People with weight issues often apply a reductionist attitude to their health. “If I go to HIIT/ yoga/ crossfit, then I’ll be fitter.” “If I eat less, then I’ll lose weight.” These statements are true, but they don’t do an adequate job of framing health as a physiological and psychological system. It’s possible that exercise and calorie reduction will result in better health and weight loss, but there are much larger systems at play. Yoga offers a perspective beyond the “if/then” approach to improving health.

Obesity is such a prevalent problem in society and there is a lot of literature devoted to how the medical system treats obese individuals. Anecdotally, it appears that the system can be dismissive of obese patients and even go so far as to blame any ailment on their weight. For example, the New York Times refers to stories of overweight patients with non-weight related conditions like scoliosis or Crohn’s disease being prescribed weight loss in lieu of further examination. Patients who feel discredited by the medical system experience stress, shame and frustration.  Yoga can be part of the prescription, but the power of the practice might surprise obese patients.

These patients know the basics of getting and staying healthy; they know that processed food is bad, eating fruit and vegetables is good, regular exercise is imperative and that it’s critical to keep stress at bay. But the medical system sometimes confuses habits and lifestyle and instructs patients to “better” their habits, “get” healthier and “change” something with the expectation of “improvement.” Paradoxically, this desire to improve  creates stress. As an alternative to the desire to improve, yoga is a strategy to observe what’s happening with health and wellness. By doing a regular yoga practice, students are able to check in with their own physical and emotional self and understand their constitution from a point of view of acceptance rather than change.

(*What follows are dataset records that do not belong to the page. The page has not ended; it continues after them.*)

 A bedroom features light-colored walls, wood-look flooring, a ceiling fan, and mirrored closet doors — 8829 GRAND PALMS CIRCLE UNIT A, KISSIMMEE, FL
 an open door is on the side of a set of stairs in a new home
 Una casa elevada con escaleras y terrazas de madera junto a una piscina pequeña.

By accepting themselves for who they are and not constantly being prescribed change and improvement, obese patients may be able to find wellness on the yoga mat – from a different perspective than they’re used to.

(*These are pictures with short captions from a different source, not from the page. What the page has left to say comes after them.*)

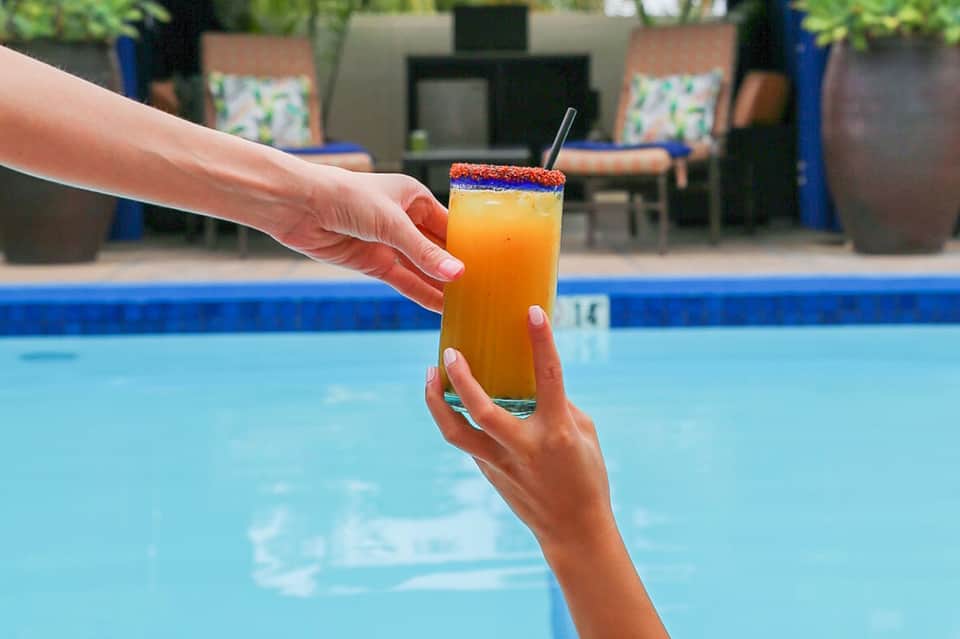 Colorful cocktail with blue and orange rim held over resort swimming pool at daytime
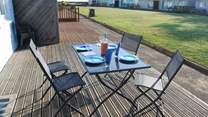 Enjoy breakfast on the decking with views across the communal lawn towards the sea.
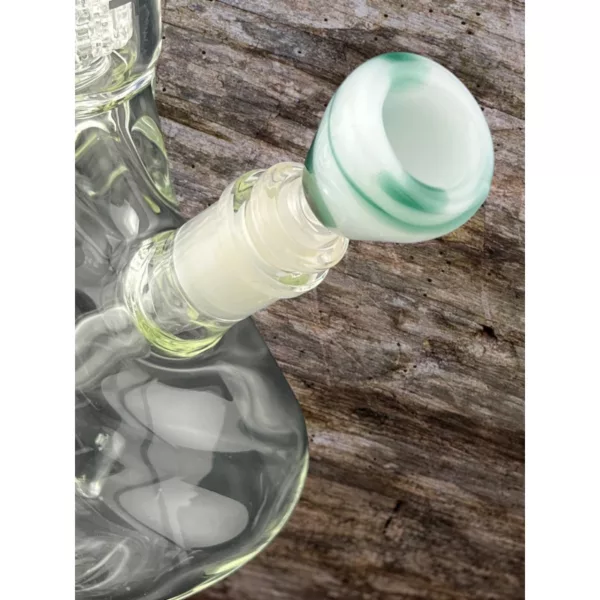 Frosted green & white striped glass bowl pipe with 'Frosted Trapezoid Bowl' written on side. Used with dents and scratches on glass, weathered wooden surface.
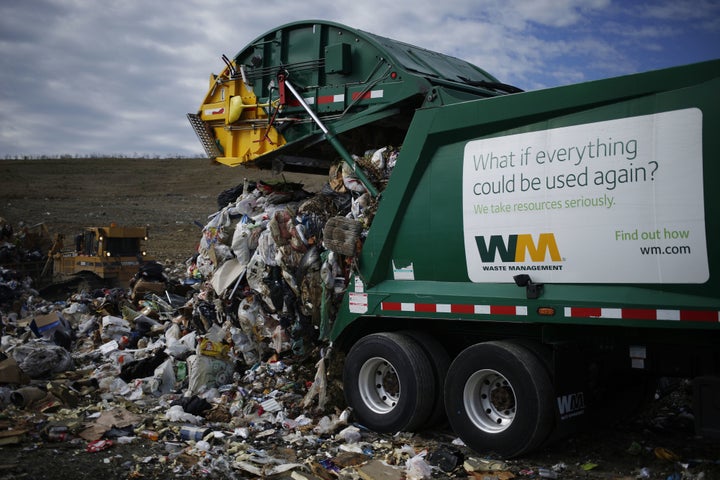 A garbage truck dumps trash at a landfill in Ferris, Texas. Organic material makes up most of the waste sent to landfills, according to the Environmental Protection Agency.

Obese students face many challenges in society, the worst of which is feeling the constant pressure to change their habits, overhaul their lifestyle and shrink. The pressure to change a physical characteristic is overwhelming but with weight loss being the only prescription, if they don’t succeed, obese patients are left feeling they’ve failed.

Yoga can give patients a new perspective on their health. By focusing on a meditation, they find acceptance and appreciation for who they are and remove themselves from the pass/fail outcome of results-oriented weight loss. Obese patients suffer from extreme attachment to a particular outcome. They are striving to lose weight and if they don’t succeed, they suffer because they are so attached to the outcome of their actions. The yogic perspective of non-attachment to outcome is a refreshing new perspective for a demographic who is being coerced by society to make changes to their appearance.

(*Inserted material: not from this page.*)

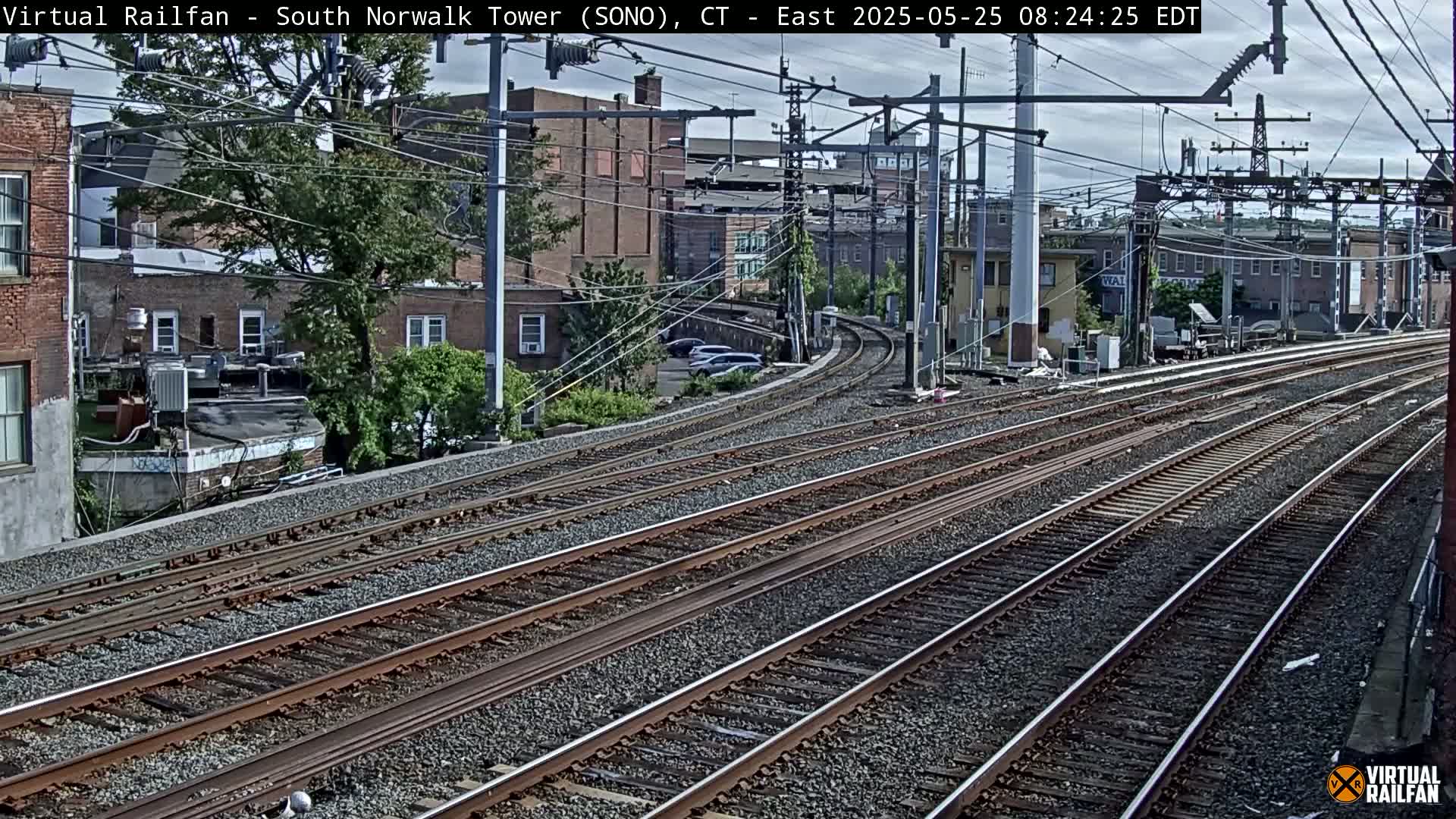 Multiple train tracks curve gently through a city under a partly cloudy sky.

Yoga, meditation and a new perspective on “results” may help obese students love themselves in the face of society constantly telling them to change. From this love, a sense of wellbeing will start to bloom. Yoga teaches everyone to be compassionate to themselves. Obese students who struggle against society’s prescription of weight loss for health will find compassion towards themselves particularly useful. Weight loss is not the only prescription for health. Practicing yoga offers a consistent and steady approach to health that is not based on results. It’s a healthy lifestyle that is predicated on compassion.